Query on custom metrics exposed via prometheus node exporter textfile collector fails

6/9/2018

I am new to prometheus/alertmanager.

I have created a cron job which executes shell script every minute. This shell script generates "test.prom" file (with a gauge metric in it) in the same directory which is assigned to --textfile.collector.directory argument (to node-exporter). I verified (using curl http://localhost:9100/metrics) that the node-exporter exposes that custom metric correctly.

When I tried to run a query against that custom metric in prometheus dashboard, it does not show up any results (it says no data found).

I could not figure out why the query against the metric exposed via node-exporter textfile collector fails. Any clues what I missed ? Also please let me know how to check and ensure that prometheus scraped my custom metric 'test_metric` ?

My query in prometheus dashboard is test_metric != 0 (in prometheus dashboard) which did not give any results. But I exposed test_metric via node-exporter textfile.

Any help is appreciated !!

BTW, the node-exporter is running as docker container in Kubernetes environment.

-- user_2011
docker
kubernetes
prometheus
prometheus-alertmanager
promql

3 Answers

6/13/2018

Its my bad. I did not included scrape instructions for node-exporter in prometheus.yaml file. It worked after including them.

-- user_2011
Source: StackOverflow

11/5/2018

I had a similar situation, but it was not a configuration problem.

Instead, my data included timestamps:

# HELP network_connectivity_rtt Round Trip Time to each node
# TYPE network_connectivity_rtt gauge
network_connectivity_rtt{host="home"} 53.87 1541426242
network_connectivity_rtt{host="hop_1"} 58.8 1541426242
network_connectivity_rtt{host="hop_2"} 21.93 1541426242
network_connectivity_rtt{host="hop_3"} 71.69 1541426242

PNE was picking them up without any problem once I reloaded it. As prometheus is running under systemd, I had to check the logs like this:

journalctl --system -u prometheus.service --follow

There I read this line:

msg="Error on ingesting samples that are too old or are too far into the future"

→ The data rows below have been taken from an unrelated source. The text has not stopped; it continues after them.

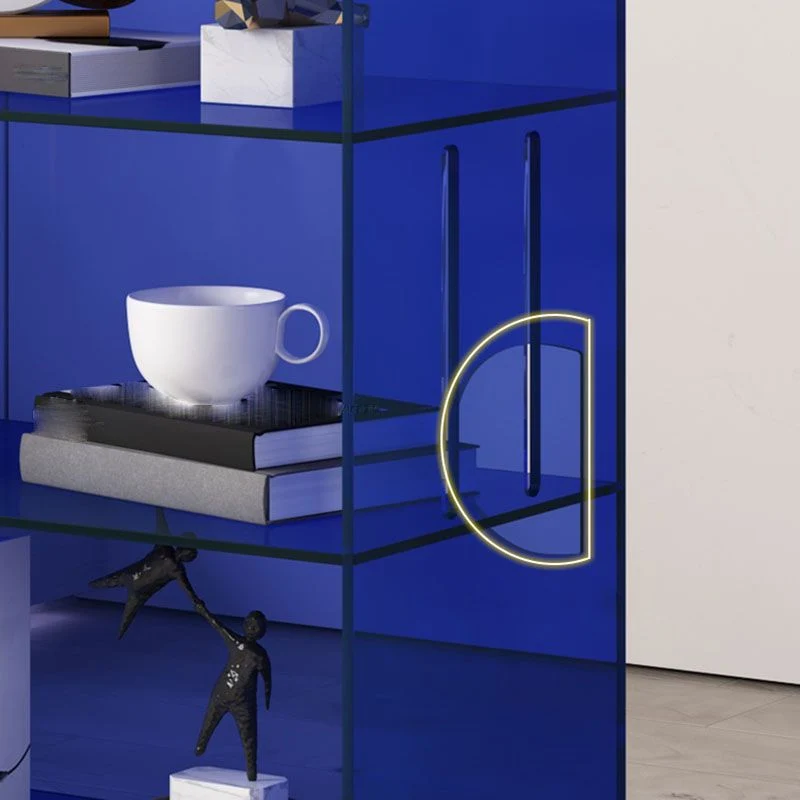 Modern Closed Back Vertical Bookshelf Plexiglas Bookcase Shelves 10l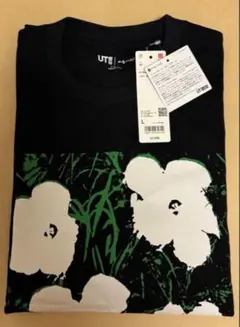 ユニクロ　UT 半袖Tシャツ ブラック　Lサイズ　アンディ・ウォーホル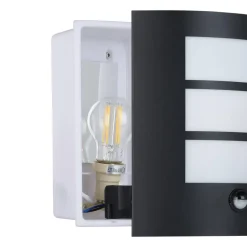 EGLO City Wandlamp - E27 - 23.5 cm - Zwart Outlet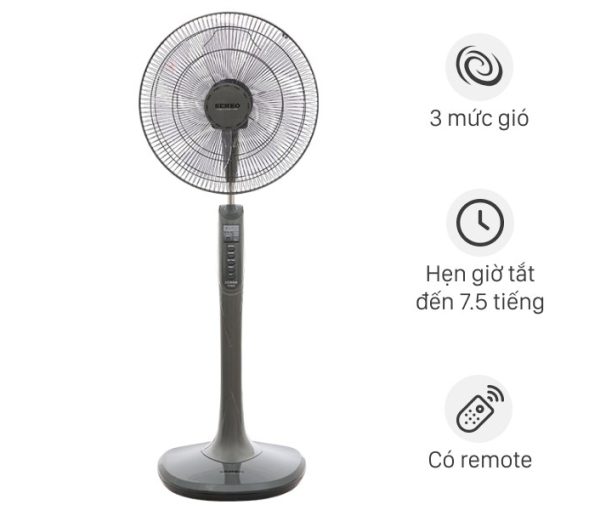 Quạt đứng Senko có Remote DR1608  Quạt đứng Senko có Remote DR1608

Once I removed the timestamps, values started appearing. This lead me to read more in detail about the timestamps, and I found out they have to be in miliseconds. So this format now is ok:

# HELP network_connectivity_rtt Round Trip Time to each node
# TYPE network_connectivity_rtt gauge
network_connectivity_rtt{host="home"} 50.47 1541429581376
network_connectivity_rtt{host="hop_1"} 3.38 1541429581376
network_connectivity_rtt{host="hop_2"} 11.2 1541429581376
network_connectivity_rtt{host="hop_3"} 20.72 1541429581376

I hope it helps someone else.

-- Marcos Dione
Source: StackOverflow

2/26/2020

This issue is happening because of stale metrics. Lets say you have written you metric in file at 13.00 by default after 5min prometheus will consider you metric stale and it might disappear from there at the time you are making query.

-- Dinesh Kumar
Source: StackOverflow